The waiting was eating at Westermann. “You a religious guy, Lou?”

Souza laughed. “The old lady drags me to church every Sunday, if that’s what you’re getting at.”

“Yeah, but do you go just because your wife drags you? What are you, Catholic? Are you a believer?”

Souza made a face. “Jeez, Lieut, I don’t know. I guess I never thought about it that way. It’s just something I do.”

Westermann let it go. He had other things on his mind.

Maddox.

Vesterhue.

Morphy.

It concerned him that Grip and Morphy hadn’t turned up Koss, or for that matter, Symmes. He didn’t like the idea of Koss finding out that Maddox was in custody again, or that they’d arrested Berdych. They needed to find Koss quickly. APB, maybe. Approach with caution. Or he could put Grip and Morphy on it. That had the added attraction of keeping Morphy the hell away from him. Then again, he couldn’t duck Morphy forever.

“Hey, Lieut, I hear the heat’s supposed to break tomorrow,” Souza said, blowing smoke out of the side of his mouth.

“That right?”

“That’s what they say.”

Westermann climbed out of the car and walked down the block. He was worried that they still hadn’t figured everything out, how it all fit together; yet they were still moving forward with arrests. His head swam from fatigue, his chest tightened.

He would have to face Morphy.

Souza’s call—his voice echoing in the empty street—came as a relief. Westermann jogged back to the patrol cars. He slid into the shotgun seat and Souza leaned on the horn, signaling the cars to move out.

Four prowl cars moved in, sirens off. The panel truck wasn’t running. Two clean-cut guys in collared shirts were talking to a round Negro woman wearing a bright orange scarf wrapped around her hair. Behind them, in the distance, young Negro men were rolling oil drums, carrying wood planks.
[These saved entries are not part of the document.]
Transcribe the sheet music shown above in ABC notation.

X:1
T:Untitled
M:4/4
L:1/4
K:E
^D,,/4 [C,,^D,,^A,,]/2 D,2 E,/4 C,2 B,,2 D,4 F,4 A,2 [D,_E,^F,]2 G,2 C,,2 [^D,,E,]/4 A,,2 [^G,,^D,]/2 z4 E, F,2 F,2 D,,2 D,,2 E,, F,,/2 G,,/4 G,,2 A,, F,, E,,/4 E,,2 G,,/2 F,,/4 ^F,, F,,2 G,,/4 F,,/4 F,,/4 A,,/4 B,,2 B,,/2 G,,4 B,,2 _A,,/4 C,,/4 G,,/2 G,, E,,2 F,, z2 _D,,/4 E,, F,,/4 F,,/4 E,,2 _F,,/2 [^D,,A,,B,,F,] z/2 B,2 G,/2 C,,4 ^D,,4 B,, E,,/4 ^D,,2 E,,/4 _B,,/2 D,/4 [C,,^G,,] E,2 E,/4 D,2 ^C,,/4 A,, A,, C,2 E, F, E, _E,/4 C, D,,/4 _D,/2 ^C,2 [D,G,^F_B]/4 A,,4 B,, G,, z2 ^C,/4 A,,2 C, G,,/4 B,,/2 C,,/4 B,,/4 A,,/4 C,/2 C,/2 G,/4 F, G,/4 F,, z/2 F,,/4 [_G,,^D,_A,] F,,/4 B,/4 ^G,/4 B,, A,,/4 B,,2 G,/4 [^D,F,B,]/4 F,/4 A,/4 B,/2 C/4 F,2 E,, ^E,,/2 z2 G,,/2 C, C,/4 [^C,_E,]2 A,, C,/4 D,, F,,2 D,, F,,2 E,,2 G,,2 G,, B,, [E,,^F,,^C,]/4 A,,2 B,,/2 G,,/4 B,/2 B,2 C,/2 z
Westermann, glad to be doing something, took the lead. Souza and the uniforms trailed, hands on their holstered guns.

Westermann approached the clean-cut men. “Dr. Berdych?”

The one on the right, short blond hair and a mustache hiding a harelip, said, “No. The doctor’s in the truck,” nodding toward the back of the panel truck where stairs led to an open door.

The uniforms took charge of the two men. Souza followed Westermann to the truck.

Westermann put a foot on the bottom step. “Dr. Berdych?”

He waited, heard nothing. He walked to the top of the steps and leaned through the door. “Dr. Berd—” Westermann felt a pinch in his arm, a flood of warmth, and he pulled away, falling backward off the truck, grabbing at the syringe that was stuck through his jacket and into his arm. The needle broke in his arm as he hit the ground hard. Berdych stepped into the doorway, tall and stooped, his eyes wide. Westermann heard three pops in succession and watched as Berdych took two bullets to the chest and one above the eye, falling back into the truck.

Westermann lay on his back, looking up at the panel truck, thinking, This is balled up.

Things happened fast, kids from the shanties watching from the perimeter. Crime-scene cops showed up, took photos, samples, and, finally, Berdych’s corpse, zipped up in a body bag. Internal Affairs cops in expensive suits separated the uniforms and questioned them individually about what they’d seen.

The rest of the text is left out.